Другой бы, пронырливый, на его месте нажился, по крайней мере завязал бы полезные связи. А он ничего не достиг. Те, кому угождал, после войны забыли о нем. Надо было сразу же по горячим следам напомнить о себе, а он все откладывал, надеялся на человеческую благодарность… Невезучий он, неповоротливый. Вот в чем беда.

И вдруг каким-то чудом его заметили. Кто-то решил вытащить его из безнадежно рядовой жизни. Богдан Георгиевич пригласил на интимную вечеринку, и Крамаренко почувствовал в этом доброе знамение.

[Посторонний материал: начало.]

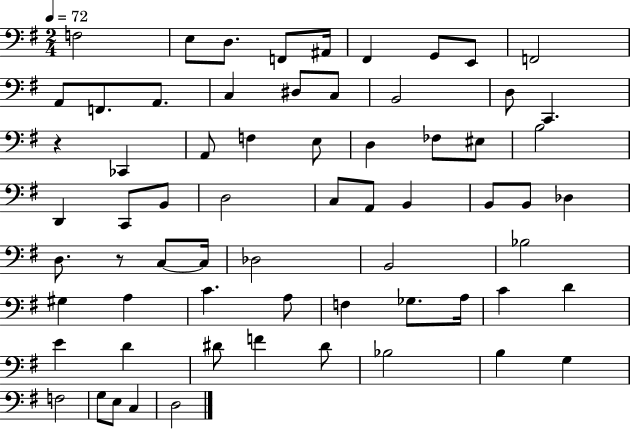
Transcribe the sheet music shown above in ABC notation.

X:1
T:Untitled
M:2/4
L:1/4
K:G
F,2 E,/2 D,/2 F,,/2 ^A,,/4 ^F,, G,,/2 E,,/2 F,,2 A,,/2 F,,/2 A,,/2 C, ^D,/2 C,/2 B,,2 D,/2 C,, z _C,, A,,/2 F, E,/2 D, _F,/2 ^E,/2 B,2 D,, C,,/2 B,,/2 D,2 C,/2 A,,/2 B,, B,,/2 B,,/2 _D, D,/2 z/2 C,/2 C,/4 _D,2 B,,2 _B,2 ^G, A, C A,/2 F, _G,/2 A,/4 C D E D ^D/2 F ^D/2 _B,2 B, G, F,2 G,/2 E,/2 C, D,2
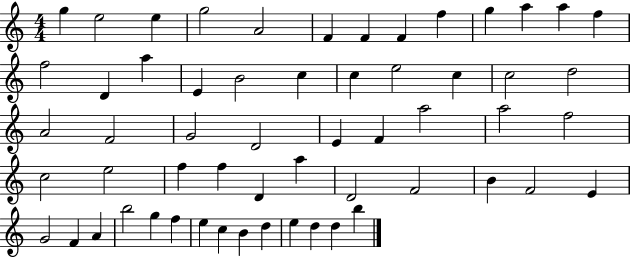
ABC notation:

X:1
T:Untitled
M:4/4
L:1/4
K:C
g e2 e g2 A2 F F F f g a a f f2 D a E B2 c c e2 c c2 d2 A2 F2 G2 D2 E F a2 a2 f2 c2 e2 f f D a D2 F2 B F2 E G2 F A b2 g f e c B d e d d b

Быть может, для него начиналась новая эра, эра личных взаимоотношений с сильными треста сего, тех взаимоотношений, которые в этом учреждении прежде всего определяли место человека под солнцем. Наконец-то Крамаренко мог получить право на нечто большее, чем благодарность в приказе, и считать себя хоть немножко причастным к могущественному кругу Богдана Георгиевича.

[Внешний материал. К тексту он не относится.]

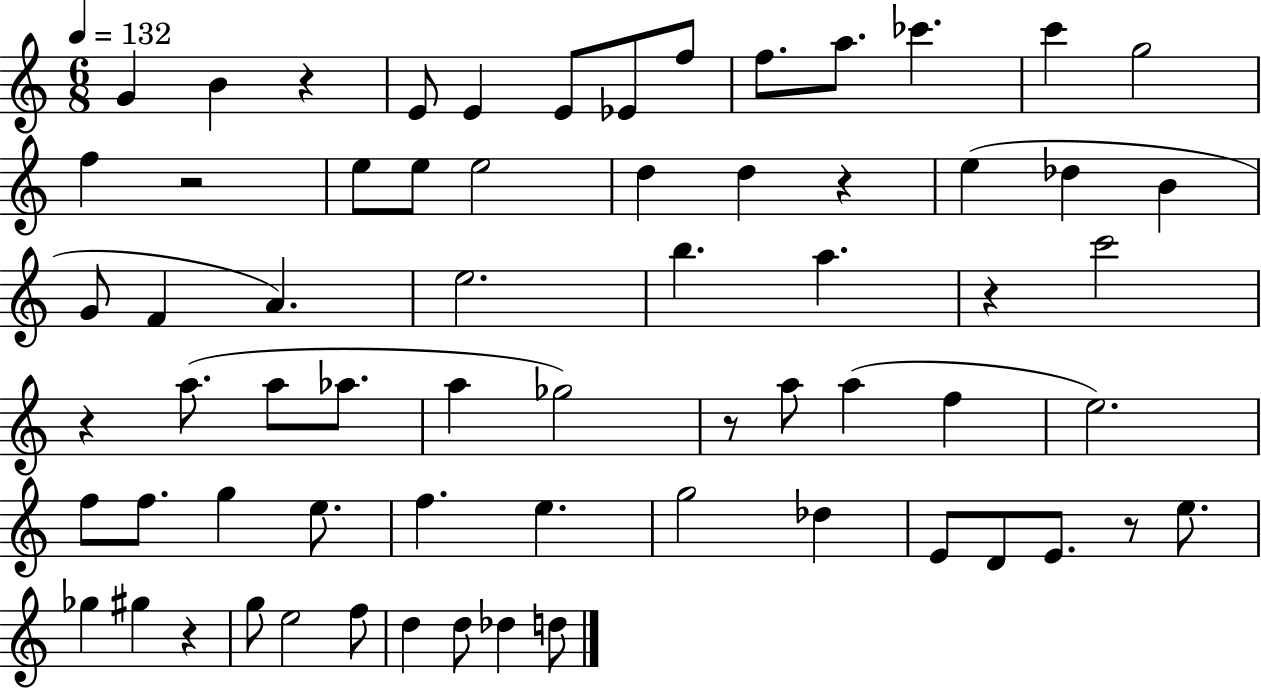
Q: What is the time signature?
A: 6/8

Нет, это были не боги. Наоборот, он еще раз убедился: те, кому завидовал и чьей благосклонности так добивался, были сделаны из одного с ним теста. Институтские коллеги Крамаренко или товарищи по работе, отличавшиеся от него глубокими знаниями и талантом, хоть и будили в нем зависть, но были недосягаемы. А эти так долго не допускавшие Крамаренко в свой узкий круг и наконец открывшие дверь отличались лишь немногими преимуществами — он легко мог достигнуть их при благоприятных условиях.

Крамаренко пил на вечеринке коньяк вместо привычной водки. Заедал его лимоном в сахаре, хоть терпеть не мог на закуску сладкого. Слушал магнитофон с каким-то модным «вуги» и, скучая, думал: «Пора бы затянуть песню». И все время представлял себя на месте Богданчика. Он припоминал свои деловые встречи с управляющим, внимательно изучал его самодовольное розовое лицо, прислушивался к шуткам и не заметил в нем ни таланта, ни остроумия, ничего такого, чем тот мог бы похвалиться перед Крамаренко. Разве только глаза у Богданчика были похолоднее, голос потверже, да еще одно: в каждой черте лица, в каждом движении чувствовалась долголетняя привычка быть в центре внимания и приказывать.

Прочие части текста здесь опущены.